==== EXCERPTED DATA ====
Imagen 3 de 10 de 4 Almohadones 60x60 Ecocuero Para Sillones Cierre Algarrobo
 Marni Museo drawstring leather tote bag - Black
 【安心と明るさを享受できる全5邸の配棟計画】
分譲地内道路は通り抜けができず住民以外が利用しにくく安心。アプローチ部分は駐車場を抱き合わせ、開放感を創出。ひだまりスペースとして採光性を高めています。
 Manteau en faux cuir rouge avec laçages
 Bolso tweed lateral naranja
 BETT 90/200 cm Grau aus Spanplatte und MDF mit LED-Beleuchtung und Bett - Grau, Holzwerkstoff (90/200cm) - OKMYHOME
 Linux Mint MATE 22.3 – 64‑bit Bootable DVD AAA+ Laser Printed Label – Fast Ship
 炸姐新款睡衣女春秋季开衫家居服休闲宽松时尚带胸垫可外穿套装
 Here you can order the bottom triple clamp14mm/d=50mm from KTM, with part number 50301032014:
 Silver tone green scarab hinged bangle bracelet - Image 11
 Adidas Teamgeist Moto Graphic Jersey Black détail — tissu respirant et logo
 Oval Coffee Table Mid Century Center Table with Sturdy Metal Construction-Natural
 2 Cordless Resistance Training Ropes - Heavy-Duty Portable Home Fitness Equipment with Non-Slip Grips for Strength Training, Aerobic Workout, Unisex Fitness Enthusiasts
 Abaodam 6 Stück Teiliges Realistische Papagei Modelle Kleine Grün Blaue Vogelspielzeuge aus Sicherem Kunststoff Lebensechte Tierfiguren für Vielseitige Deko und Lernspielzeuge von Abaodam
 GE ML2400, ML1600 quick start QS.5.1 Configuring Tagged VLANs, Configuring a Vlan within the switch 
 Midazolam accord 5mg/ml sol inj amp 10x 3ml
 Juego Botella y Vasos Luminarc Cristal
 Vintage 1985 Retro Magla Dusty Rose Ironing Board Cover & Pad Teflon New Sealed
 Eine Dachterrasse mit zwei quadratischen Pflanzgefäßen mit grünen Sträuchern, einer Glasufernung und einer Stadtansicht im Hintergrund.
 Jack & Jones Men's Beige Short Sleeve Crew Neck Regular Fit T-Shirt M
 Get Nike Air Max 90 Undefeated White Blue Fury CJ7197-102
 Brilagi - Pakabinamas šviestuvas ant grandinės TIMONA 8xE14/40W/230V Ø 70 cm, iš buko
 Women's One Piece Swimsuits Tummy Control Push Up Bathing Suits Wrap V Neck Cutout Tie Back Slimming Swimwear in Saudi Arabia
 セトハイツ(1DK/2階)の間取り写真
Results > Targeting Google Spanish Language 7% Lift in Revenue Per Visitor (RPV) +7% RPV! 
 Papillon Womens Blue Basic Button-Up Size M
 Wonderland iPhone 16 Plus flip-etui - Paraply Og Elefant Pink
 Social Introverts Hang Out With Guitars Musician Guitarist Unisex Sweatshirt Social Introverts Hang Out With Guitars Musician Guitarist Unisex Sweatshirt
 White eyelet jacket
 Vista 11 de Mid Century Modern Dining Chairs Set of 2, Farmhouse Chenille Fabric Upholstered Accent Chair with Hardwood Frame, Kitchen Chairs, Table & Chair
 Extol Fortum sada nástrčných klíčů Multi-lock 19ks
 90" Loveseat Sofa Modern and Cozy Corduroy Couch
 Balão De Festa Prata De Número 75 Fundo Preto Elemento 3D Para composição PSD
====
§ **EXERCISE REQUIREMENTS**:
Copy out the lines above exactly, beginning at the one that contains "炸姐新款睡衣女春秋季开衫家居服休闲宽松时尚带胸垫可外穿套装" and ending at the one that contains "Silver tone green".

§ **RESPONSE TO THE TASK**:
 炸姐新款睡衣女春秋季开衫家居服休闲宽松时尚带胸垫可外穿套装
 Here you can order the bottom triple clamp14mm/d=50mm from KTM, with part number 50301032014:
 Silver tone green scarab hinged bangle bracelet - Image 11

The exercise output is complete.